Bit priority in C...

ersmith · 2015-10-28 13:17

Fastrobot wrote: »

Ok.

What I think what I saw and forgot in x86 and some other processors is a slightly different format string.
There are typically three colon groups to inform GCC about what is going on.

_asm_ ( "\tinstruction dest,src options" : [macroname1] "desination constraints" (var name1), ... : [macroname2] "source constraints" (name2), ... : "clobbered register", ... )

For example, in x86, the destination flags might be "=rm" for destination flags meaning gcc is allowed to write to either a register or memory, and source constraints might be "rm" also meaning the source can be either register or memory.

Yes, this is a good summary of how constraints are written. But the GCC documentation may not be sufficiently clear on what constraints are for. GCC itself doesn't understand the assembly language, so the constraints are to tell it what are valid inputs and outputs for the instructions. For example, if the constraint says "r" (register) but the value is currently on the stack, GCC will know that it needs to load from the stack into a temporary and use that as input.

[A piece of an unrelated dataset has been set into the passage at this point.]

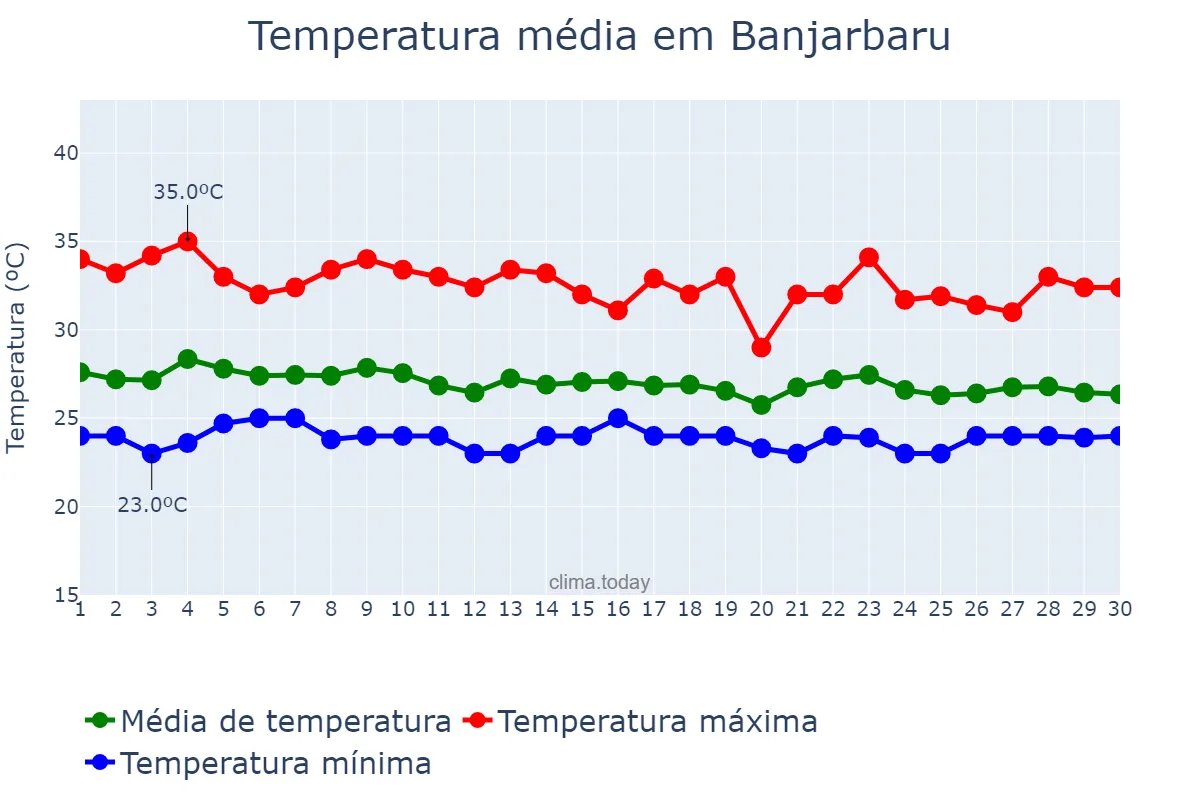Temperatura em junho em Banjarbaru, Kalimantan Selatan, ID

I think a blank field generally means no constraints at all. So, the command I wrote has no constraints on the destination but does have some constraints on the input field. That's why GCC did not kick out with an error. The variable %0 was defined to have constraints when used as an input field, but not when used as a destination.

I think it's probably safest to always provide the appropriate constraints. If you don't, it's possible that sometimes GCC will emit invalid assembly language (e.g. trying to pass an immediate value to an instruction that doesn't support it).

For the Propeller pretty much all outputs can have constraint "rC" ("r" means a register, which for PropGCC means one of the 16 registers reserved for the compiler, and "C" means a COG memory location". Inputs are generally "rCI", where "I" stands for an immediate value in the range 0-31. Obviously there are a few exceptions to this.

Only the rdlong,rdword, and rdbyte instructions can support an "m" input constraint ("m" means memory, which for PropGCC means HUB memory) and only wrlong, wrword, and wrbyte allow an "m" output constraint.

Eric

ersmith · 2015-10-28 13:29

Fastrobot wrote: »

I don't remember if it came with simple IDE or not; I think I may have recompiled it from source on github. I do remember having to upgrade several things, including recompiling gdb separately to get it to work at all.

If you're comfortable with compiling it from source (and it sounds like you are; you seem to know your way around code!) then I'd recommend grabbing David Betz's propeller-gcc repository at https://github.com/dbetz/propeller-gcc. That has up-to-date versions of everything. The gdb in there is probably a bit better than the one you struggled with, although it's still pretty much alpha -- there hasn't been much interest in gdb, alas. That repo also gives you the choice of building "gcc" (the cutting edge gcc 6 repo) or "gcc4" (the stable gcc 4.6.1 repo).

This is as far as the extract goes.